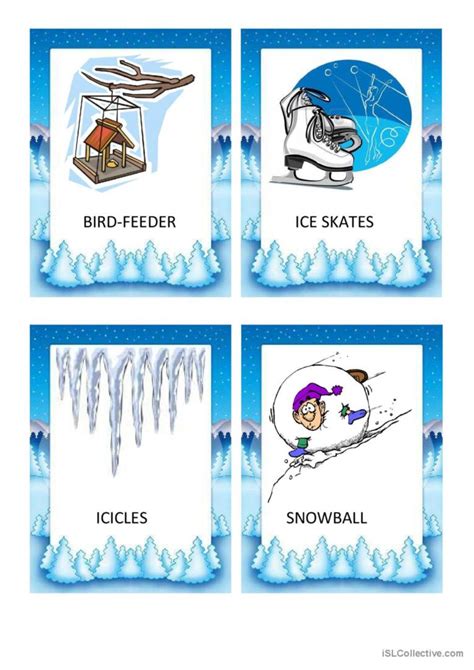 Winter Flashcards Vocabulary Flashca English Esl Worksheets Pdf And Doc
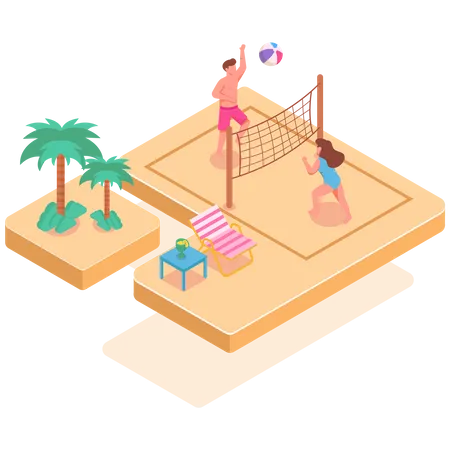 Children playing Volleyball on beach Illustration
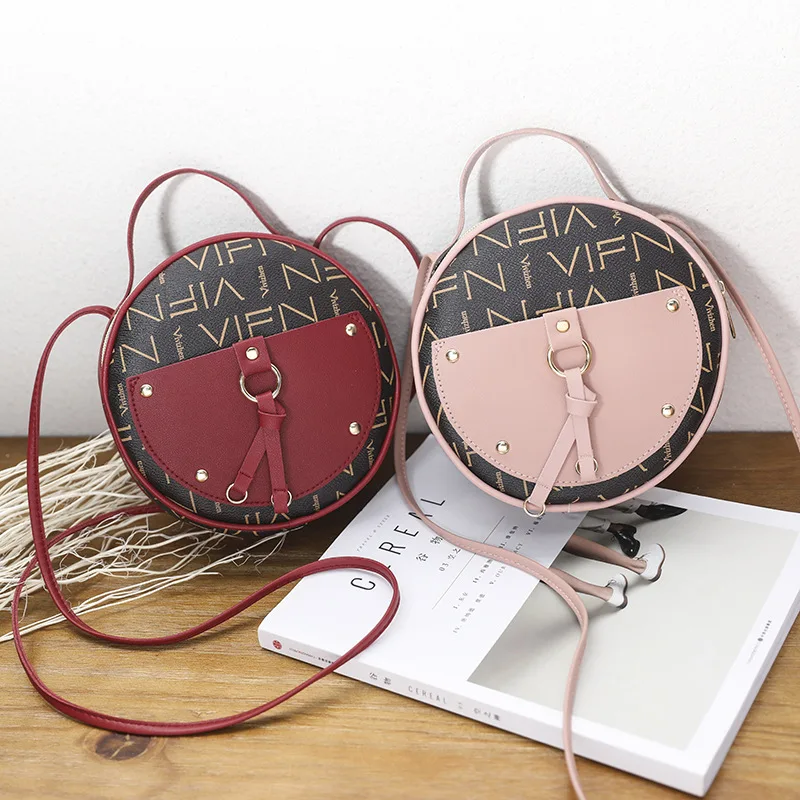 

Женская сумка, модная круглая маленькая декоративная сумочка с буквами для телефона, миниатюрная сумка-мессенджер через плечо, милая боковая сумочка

* * *

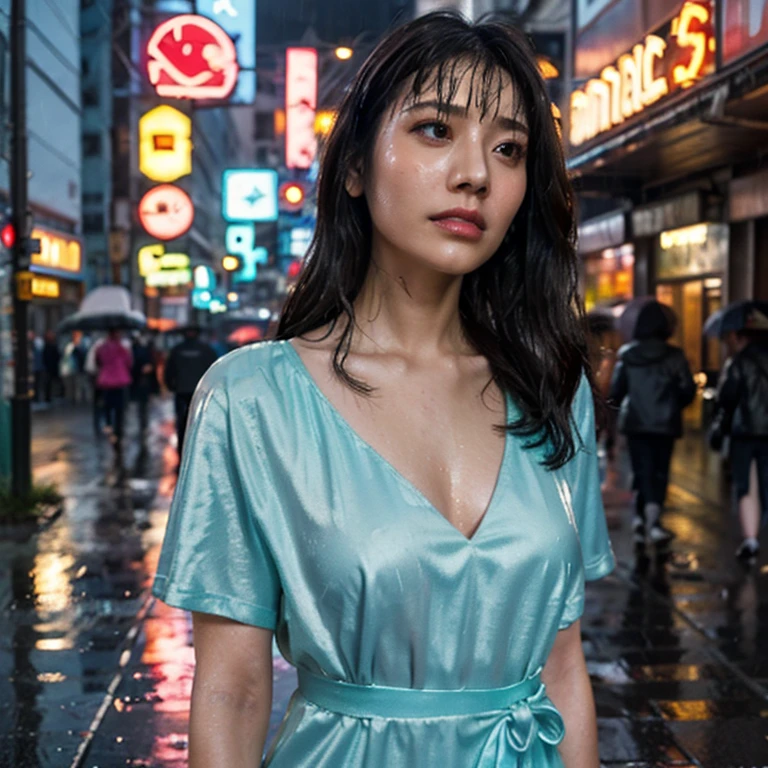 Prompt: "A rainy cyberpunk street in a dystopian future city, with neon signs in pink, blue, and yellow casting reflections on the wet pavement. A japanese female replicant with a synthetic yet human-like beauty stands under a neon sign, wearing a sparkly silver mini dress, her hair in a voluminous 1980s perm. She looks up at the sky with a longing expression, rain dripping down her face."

* * *

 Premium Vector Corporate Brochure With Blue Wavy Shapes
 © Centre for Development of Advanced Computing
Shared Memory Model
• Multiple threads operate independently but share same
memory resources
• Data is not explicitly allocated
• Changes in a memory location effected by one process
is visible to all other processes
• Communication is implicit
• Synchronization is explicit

* * *

** WHAT THE EXERCISE ASKS **
Keeping every character as it is, restate the lines above that run from the line with "is visible to all other processes" through the line with "Synchronization is explicit", both included, and nothing else.

** RESPONSE **
is visible to all other processes
• Communication is implicit
• Synchronization is explicit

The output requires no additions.